(Pictures with short captions)

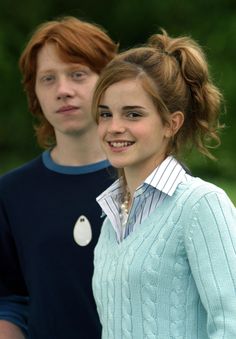 two young people standing next to each other in front of green trees and bushes, one wearing a blue sweater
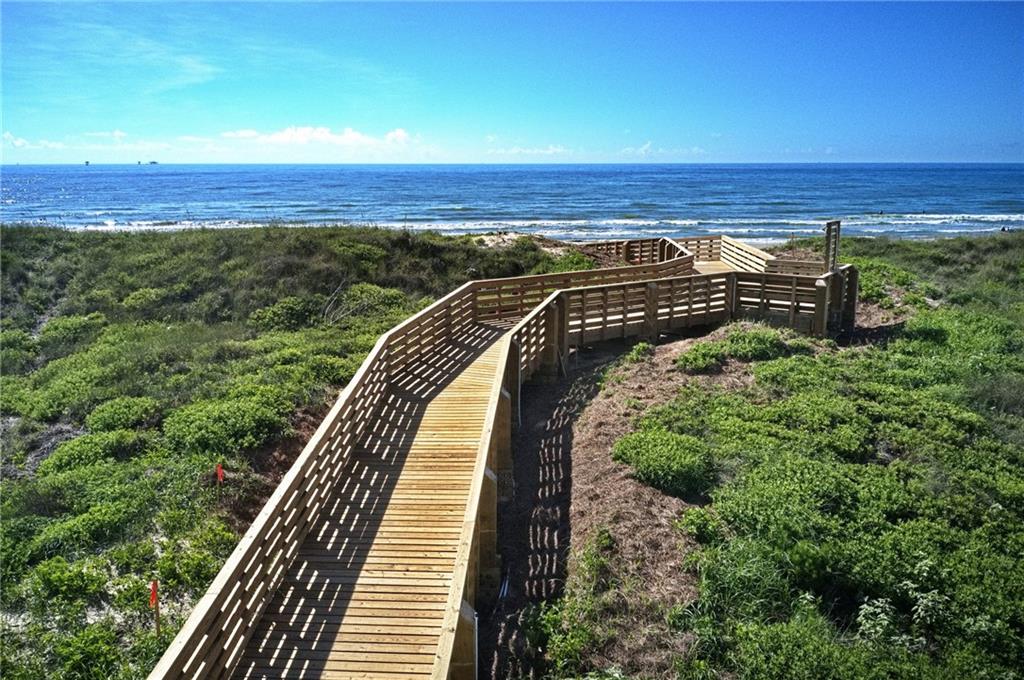 Enjoy a Morning Stroll Down the Boardwalk as the Sun Rises Over the Waves 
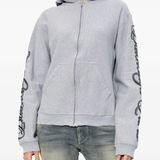 Grey sweats-hoodies worn by a person, showing the cotton fit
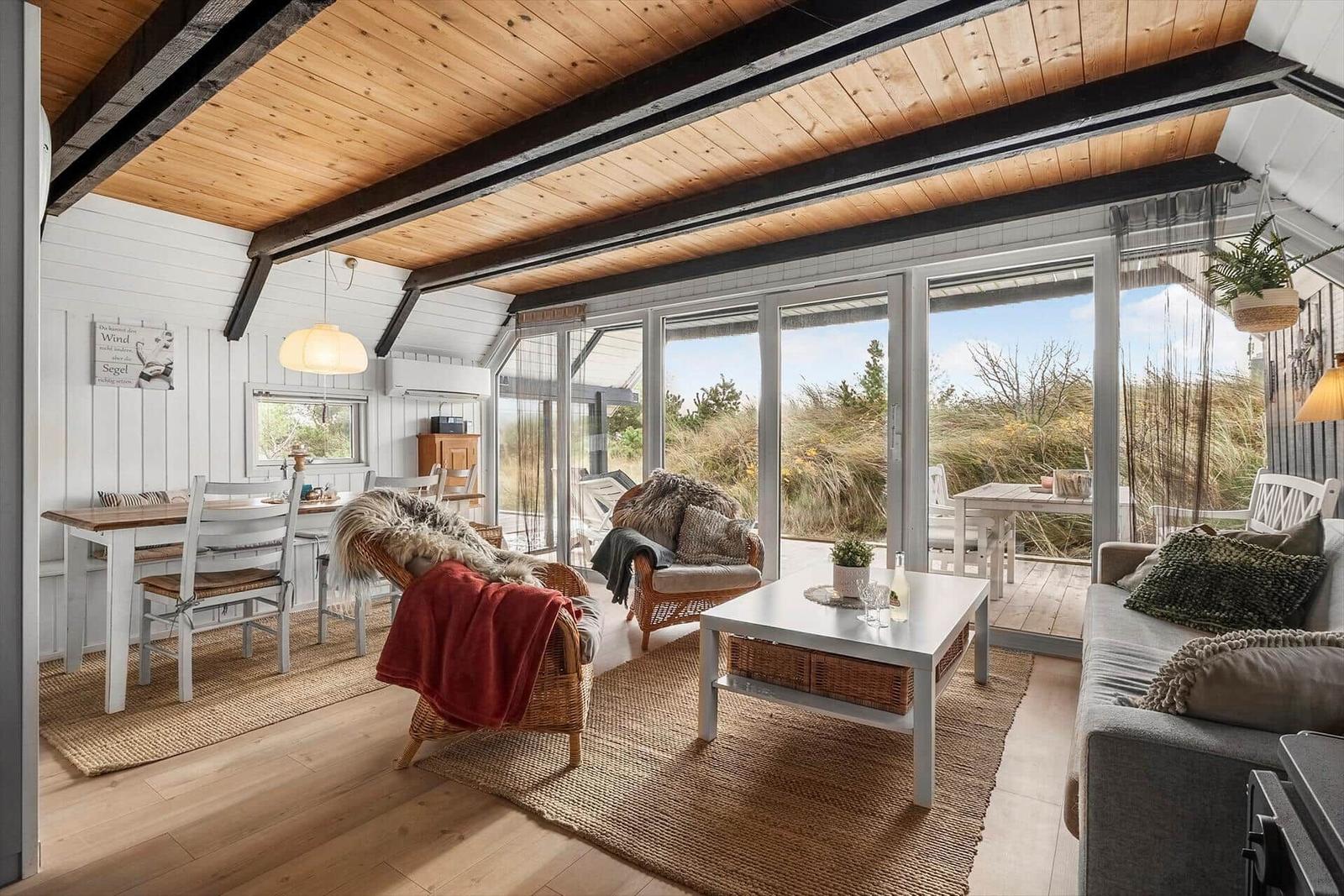 Wohn- und Essbereich mit Holzdecke und großem Fenster zur Terrasse.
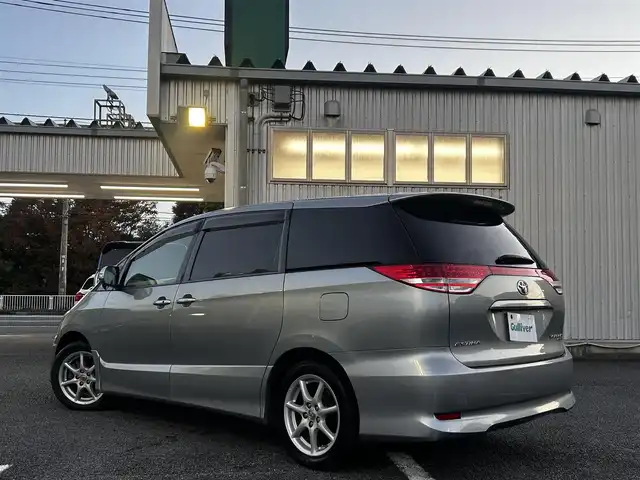 トヨタ エスティマ アエラス Gパッケージ 静岡県 2006(平18)年 16万km ミディアムシルバーメタリック ユーザー買取車両/純正HDDナビ（NHDP-W56S）/[AM/FM/CD/TV/DVD]/純正17インチAW/純正キセノンヘッドライト/エンジンスタートボタン/スマートキー/MTモード付AW/クルーズコントロール/WAC/ETC/フリップダウンモニター/3列シート/オットマン/ウォークスルー/パワーシート（D席のみ）/両側パワースライドドア/AFS/保証書/取扱説明書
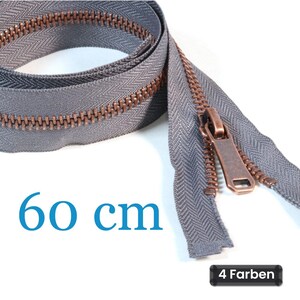 Könnte beinhalten: Ein grauer Reißverschluss mit kupferfarbenen Zähnen und einem passenden Metallschieber. Das Reißverschlussband hat ein Fischgrätenmuster. Der Text 60 cm ist in Blau dargestellt, und ein schwarzes Etikett zeigt 4 Farben in Weiß.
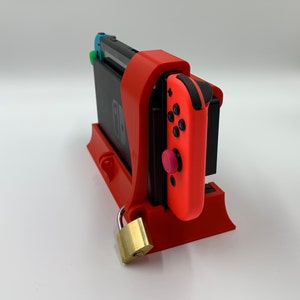 以下が含まれることがあります： ロック付きの赤い3Dプリントスタンド。Nintendo Switch本体とJoy-Conコントローラーを収納するように設計されています。本体は垂直に置かれ、コントローラーはスタンドの側面に取り付けられています。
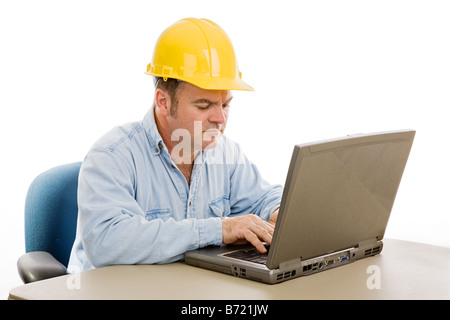 Construction contractor in the office on his laptop Isolated on white Stock Photo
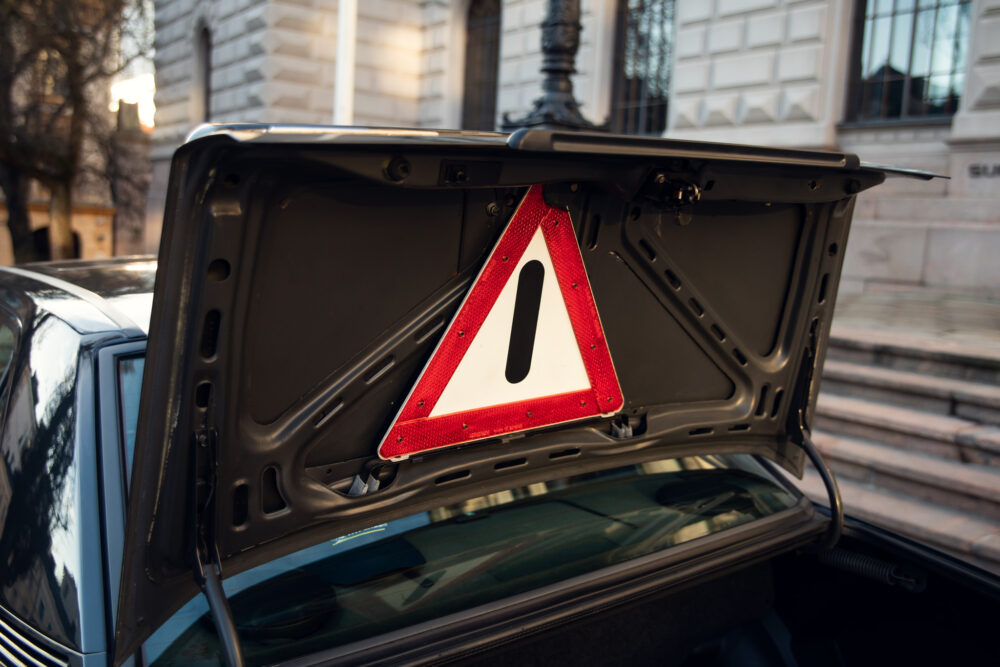 Exclamation warning sign in car trunk by historical building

◆ What you have to do:
Write out the records shown above exactly, but do not include any images.

◆ Task answer:
 two young people standing next to each other in front of green trees and bushes, one wearing a blue sweater
 Enjoy a Morning Stroll Down the Boardwalk as the Sun Rises Over the Waves 
 Grey sweats-hoodies worn by a person, showing the cotton fit
 Wohn- und Essbereich mit Holzdecke und großem Fenster zur Terrasse.
 トヨタ エスティマ アエラス Gパッケージ 静岡県 2006(平18)年 16万km ミディアムシルバーメタリック ユーザー買取車両/純正HDDナビ（NHDP-W56S）/[AM/FM/CD/TV/DVD]/純正17インチAW/純正キセノンヘッドライト/エンジンスタートボタン/スマートキー/MTモード付AW/クルーズコントロール/WAC/ETC/フリップダウンモニター/3列シート/オットマン/ウォークスルー/パワーシート（D席のみ）/両側パワースライドドア/AFS/保証書/取扱説明書
 Könnte beinhalten: Ein grauer Reißverschluss mit kupferfarbenen Zähnen und einem passenden Metallschieber. Das Reißverschlussband hat ein Fischgrätenmuster. Der Text 60 cm ist in Blau dargestellt, und ein schwarzes Etikett zeigt 4 Farben in Weiß.
 以下が含まれることがあります： ロック付きの赤い3Dプリントスタンド。Nintendo Switch本体とJoy-Conコントローラーを収納するように設計されています。本体は垂直に置かれ、コントローラーはスタンドの側面に取り付けられています。
 Construction contractor in the office on his laptop Isolated on white Stock Photo
 Exclamation warning sign in car trunk by historical building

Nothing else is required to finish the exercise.